[Glade-users] glade and/or gtkmm, insert a FileChooserDialog inside a Notebook tab



On Fri, Jan 30, 2015 at 8:44 PM, Nicolas J?ger <jagernicolas at legtux.org> wrote:
Hi,

However, since the introduction of GIO and D-Bus, it is (strictly
speaking) unsafe to use that paradigm, I don't have all the details
on this fresh on my mind, I'm sure that Ryan Lortie could explain
this in better detail. But essentially you are running a nested
mainloop in the same global GMainContext, asynchronous responses
to any D-Bus calls, possibly not triggered even by your own code,
will also be processed while the dialog is 'running', which makes
things typically hard to track.

I imagine that an application using gtk has at least one thread per
widget, certainly more than one. I'm a little aware about problems
related to asynchronous programming. It's also for that reason I'm not
very excited by the idea to use a thread to set my issue...

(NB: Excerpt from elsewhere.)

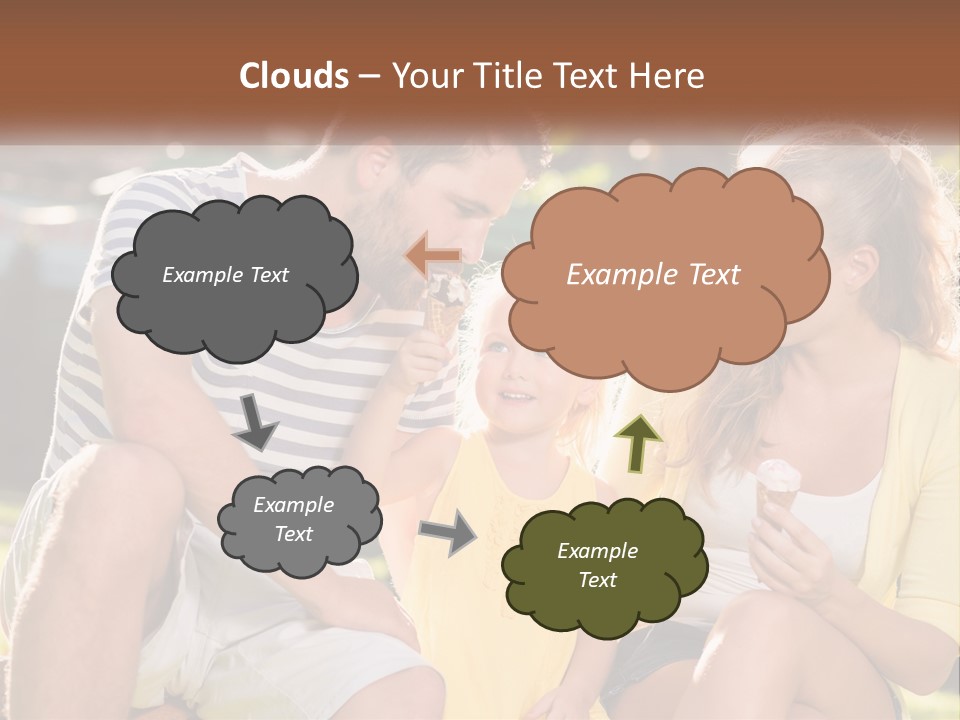 A Man And Two Girls Eating Ice Cream PowerPoint Template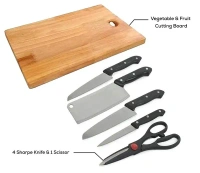 Concepta Wooden Chopping Board with Knife Set and Scissor, 6 Piece Stainless Steel Kitchen Knife Knives Set with Knife Scissor, Knife Sets (Wooden Brown Color)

Certainly not, GTK+ runs in a single thread for the most part right now (however
it's possible that in future developments, some of the rendering can be deferred
to another thread).

However some things, like file monitoring and such desktop integration, can
be implemented under the hood as threads or as D-Bus notifications (wrapped
under abstractions in GIO).

[...]
I'm curious about something, when you are using a file chooser dialog,
I guess you are not using `run()`, but somewhere in your program you
must wait that user has decided where he want to save his file. How do
you make your program waiting ?

You dont.

Instead you let the user fire up a file chooser dialog and make sure that that
file chooser dialog is 'modal' (so that the user cannot interact with any other
components in your app).

Then you keep on trucking in your mainloop, at this point you may have some
state (like "the filechooser dialog is open"), so you might avoid doing things
in your mainloop that you would otherwise do - usually that isnt needed, but
it's possible.

Then one day, the user clicks "Cancel" in the file chooser dialog, and then
your "response" signal fires... OK, nothing to do here... carry on...

When it happens that the "Save" button was clicked and you get the appropriate
response ... then it's time to do something - then you have an action requested
by the user, to save something, complete with a selected file and all.

The only thing you have to do when the user performs an action which requires
a dialog be shown, is create that modal dialog, show it, make sure you have
a callback connected to "response", and then return.